● **ASSIGNMENT**: Reproduce the records without their pictures, keeping every word as it is.

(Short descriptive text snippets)

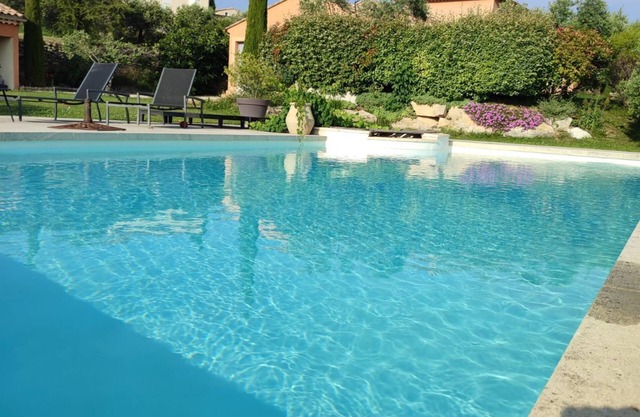 Air-conditioned 4-person villa with private heated pool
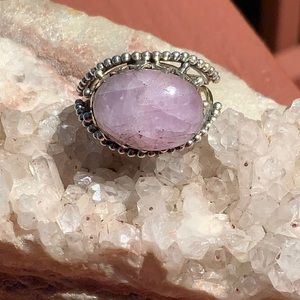 BOUTIQUE NATURAL KUNZITE 925 STERLING SILVER RING
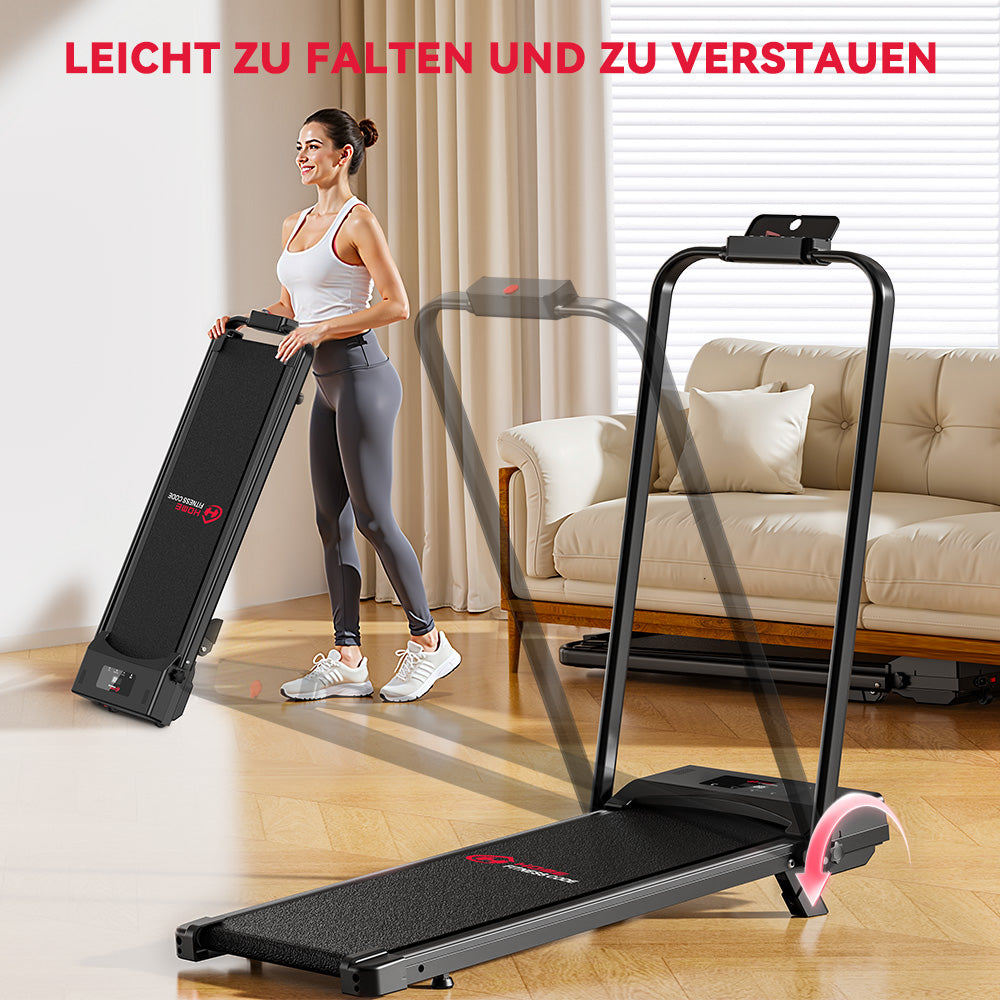 Kobieta trzyma złożoną bieżnię, druga jest rozłożona. W tle sofa. Tekst mówi: Łatwe składanie i przechowywanie.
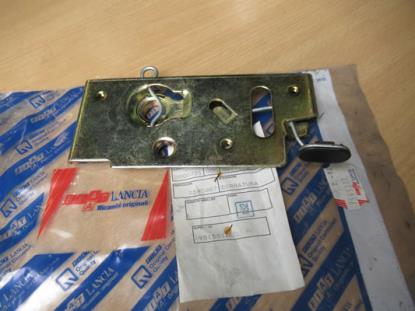 7545887 Motorkap slot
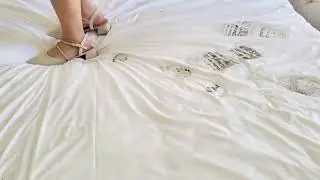 Dirty Boots & High Heels Trampling Bed - Two Girls Crush Pillows两个女孩分别用脏的黑靴和高跟鞋踩床和床上的枕头
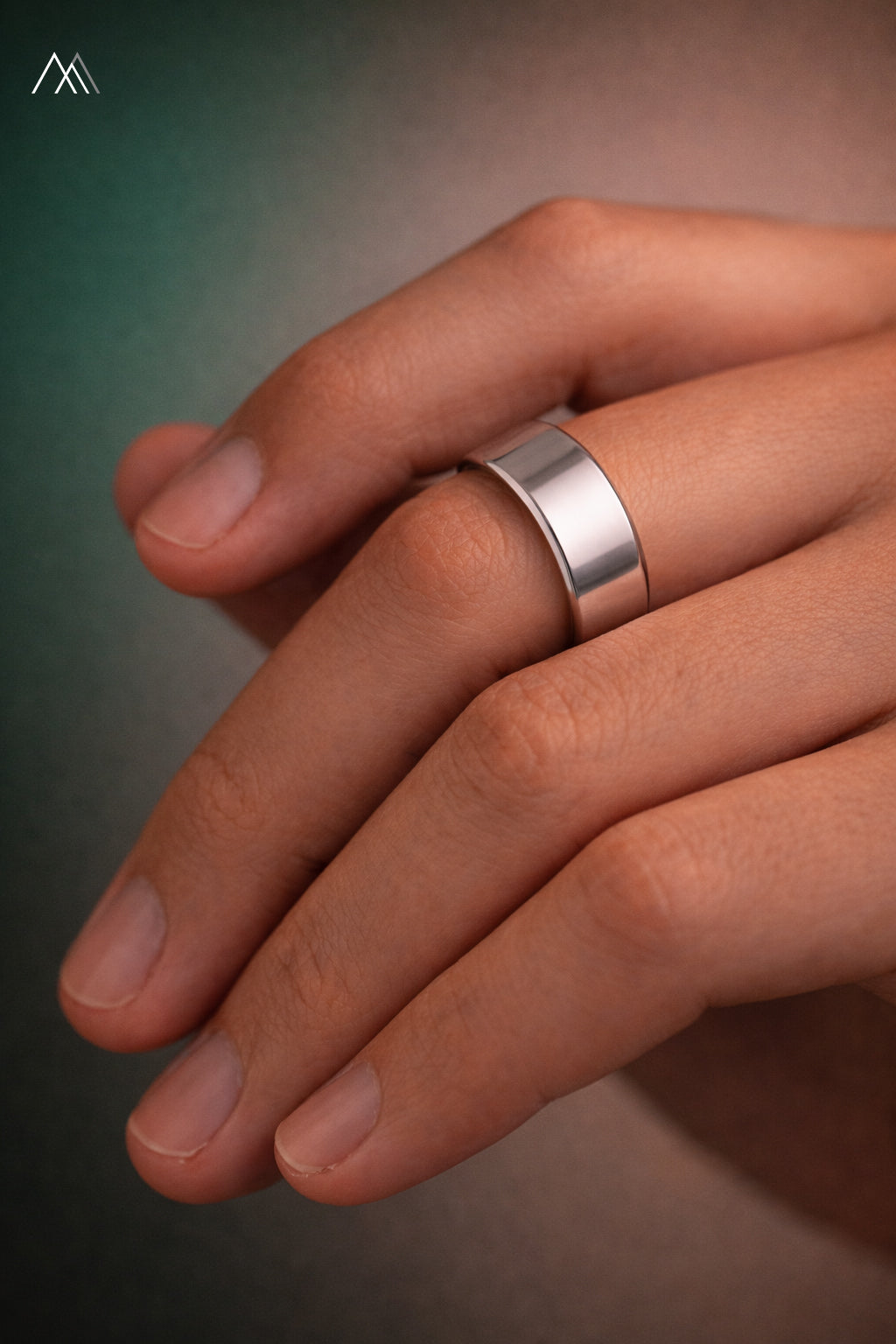 Eterna Smooth Ring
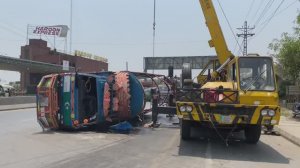 Грузовик опрокинулся. Ремонт на дороге. Пакистан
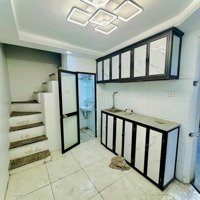 Cho Thuê Nr 2 Phòng Ngủ 2 Vệ Sinh 10M2 Tại Ngọc Hà, Ba Đình, Hà Nội, 5 Triệu Vnd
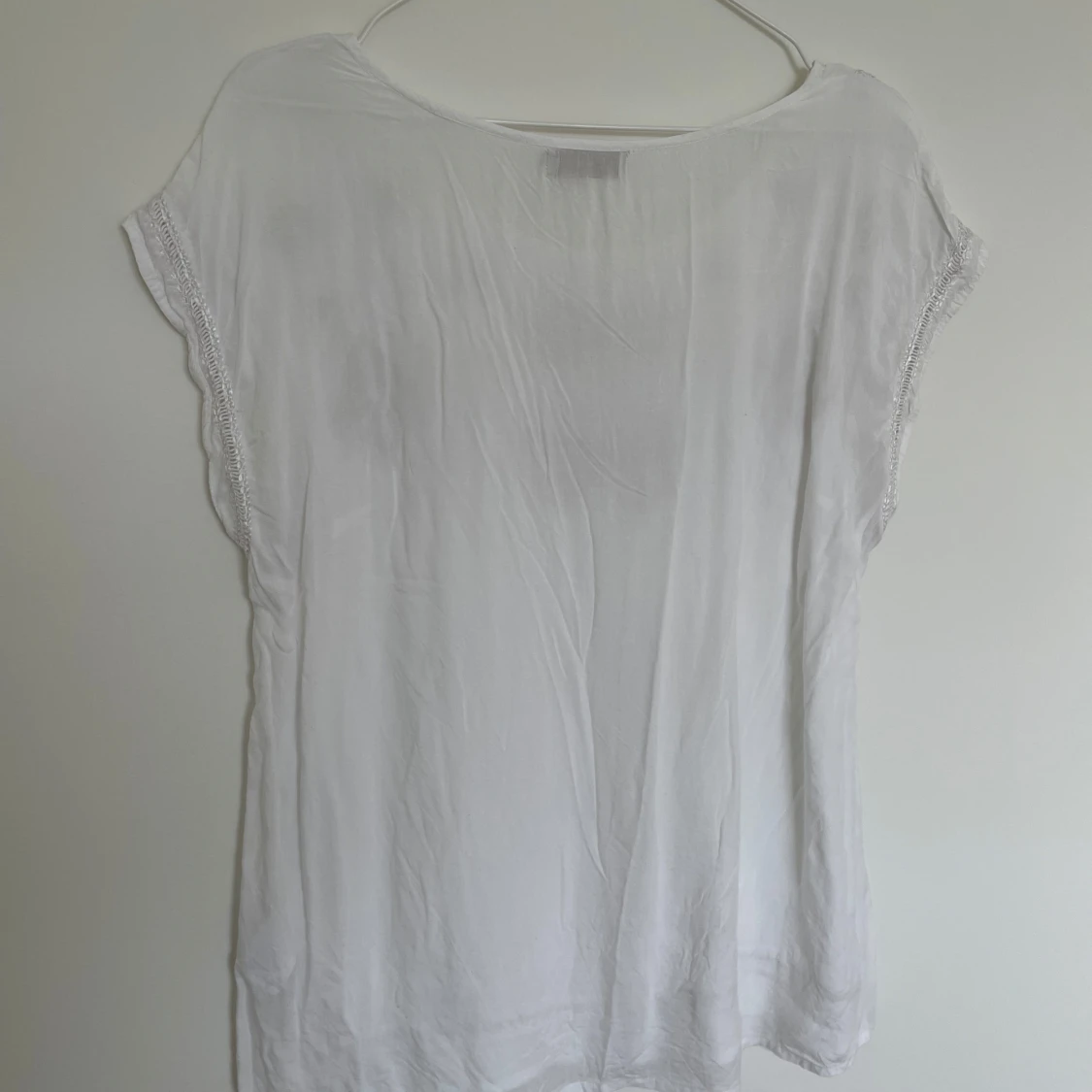 Vit topp med broderade detaljer från Cream - 2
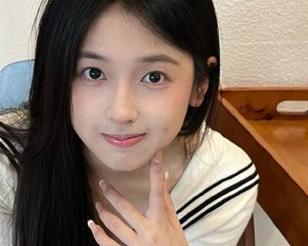 今日吃瓜91的首页，这次的新闻比西瓜还要软，随便一戳就破。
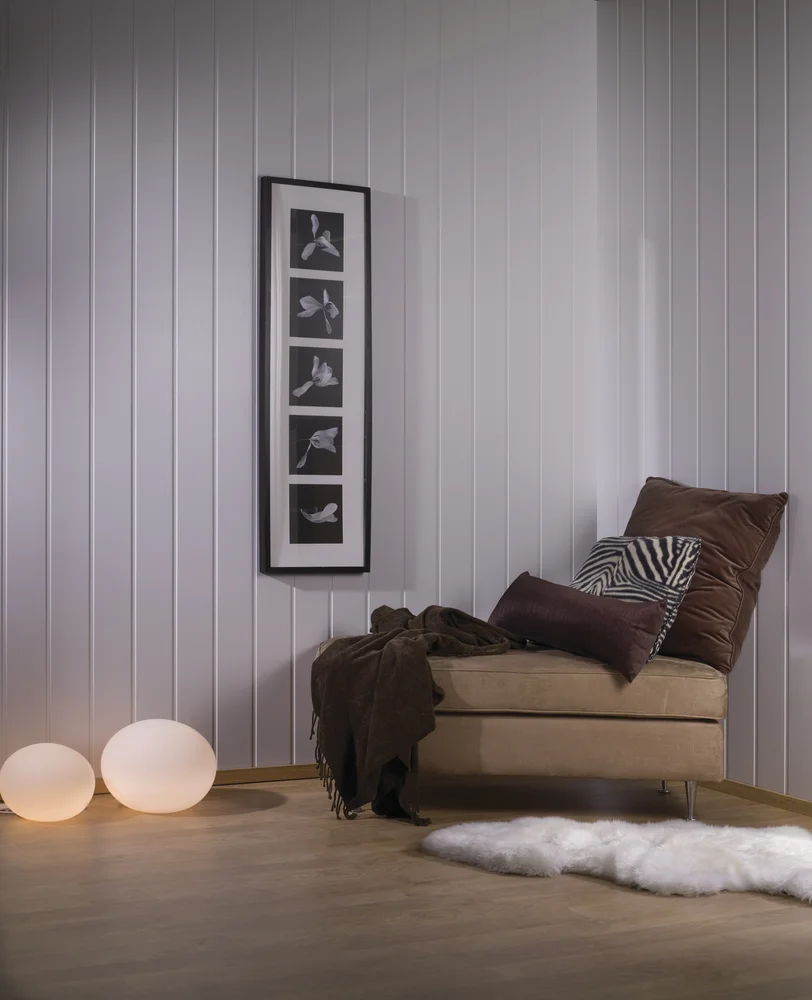 Veggpanel MDF skygge/skrå hvit 11x620x2390 mm | Ferdigmalt interiørpanel v:1752361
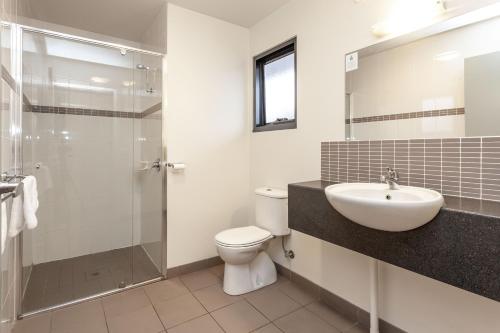 金斯顿Kingston hotel Motel的浴室配有卫生间、盥洗盆和淋浴。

● **SOLUTION TO THE PROBLEM**:
 Air-conditioned 4-person villa with private heated pool
 BOUTIQUE NATURAL KUNZITE 925 STERLING SILVER RING
 Kobieta trzyma złożoną bieżnię, druga jest rozłożona. W tle sofa. Tekst mówi: Łatwe składanie i przechowywanie.
 7545887 Motorkap slot
 Dirty Boots & High Heels Trampling Bed - Two Girls Crush Pillows两个女孩分别用脏的黑靴和高跟鞋踩床和床上的枕头
 Eterna Smooth Ring
 Грузовик опрокинулся. Ремонт на дороге. Пакистан
 Cho Thuê Nr 2 Phòng Ngủ 2 Vệ Sinh 10M2 Tại Ngọc Hà, Ba Đình, Hà Nội, 5 Triệu Vnd
 Vit topp med broderade detaljer från Cream - 2
 今日吃瓜91的首页，这次的新闻比西瓜还要软，随便一戳就破。
 Veggpanel MDF skygge/skrå hvit 11x620x2390 mm | Ferdigmalt interiørpanel v:1752361
 金斯顿Kingston hotel Motel的浴室配有卫生间、盥洗盆和淋浴。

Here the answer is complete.